On Thu, Mar 17, 2022 at 10:48 AM Kyotaro Horiguchi
<horikyota(dot)ntt(at)gmail(dot)com> wrote:
>
> It still suggests unspecifiable end-LSN..
>
> > select * from pg_get_wal_records_info('4/4B28EB68', '4/4C000060');
> > ERROR: cannot accept future end LSN
> > DETAIL: Last known WAL LSN on the database system is 4/4C000060.
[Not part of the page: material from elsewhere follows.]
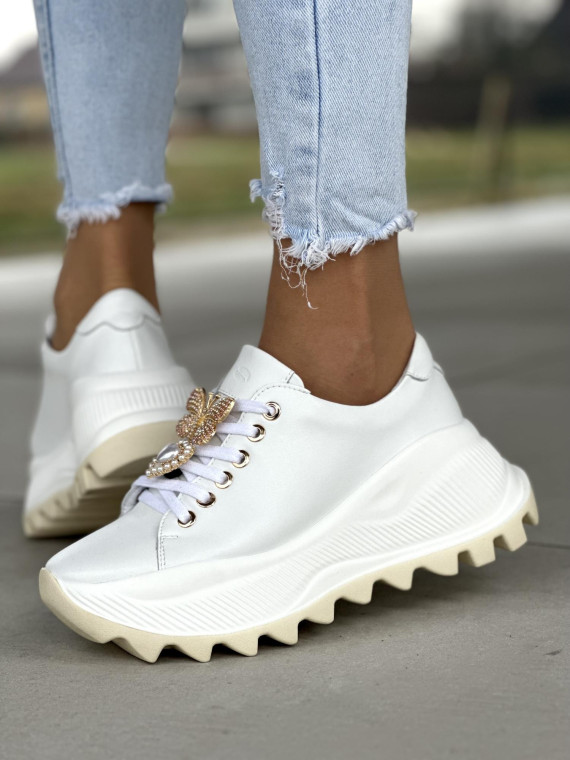 Unikalne białe sneakersy damskie, śliczne ozdoby, skóra naturalna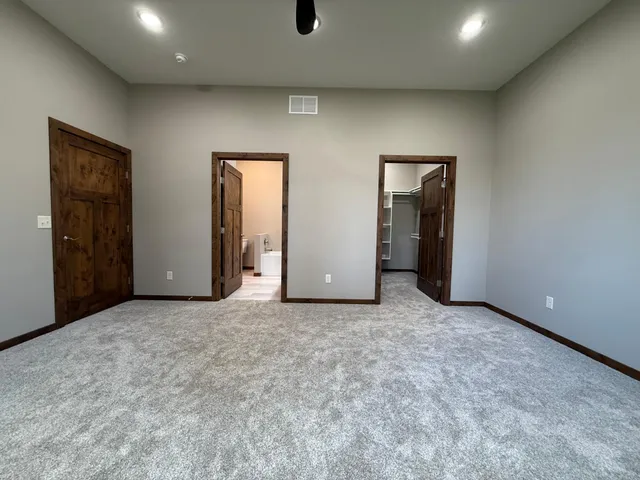 $419,900 | 1207 South Shore Drive, Worthington, MN 56187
Thanks Kyotaro-san. We can change the detail message to show (current
flush lsn/last replayed lsn - 1), that's what I've done in v11 posted
upthread at [1]. The problem is that all the pg_walinspect functions
would wait for the first valid record in read_local_xlog_page() via
InitXLogReaderState()->XLogFindNextRecord(), see[2].

We have two things to do:
1) Just document the behaviour "pg_walinspect functions will wait for
the first valid WAL record if there is none found after the specified
input LSN/start LSN.". This seems easier but some may see it as a
problem.
2) Have read_local_xlog_page_2 which doesn't wait for future WAL LSN
unlike read_local_xlog_page and like pg_waldump's WALDumpReadPage. It
requires a new function read_local_xlog_page_2 that almost looks like
read_local_xlog_page except wait (pg_usleep) loop, we can avoid code
duplication by moving the read_local_xlog_page code to a static
function read_local_xlog_page_guts(existing params, bool wait):

read_local_xlog_page(params)
read_local_xlog_page_guts(existing params, false);

read_local_xlog_page_2(params)
read_local_xlog_page_guts(existing params, true);

read_local_xlog_page_guts:
if (wait) wait for future wal; ---> existing pg_usleep code in
read_local_xlog_page.
else return;

I'm fine either way, please let me know your thoughts on this?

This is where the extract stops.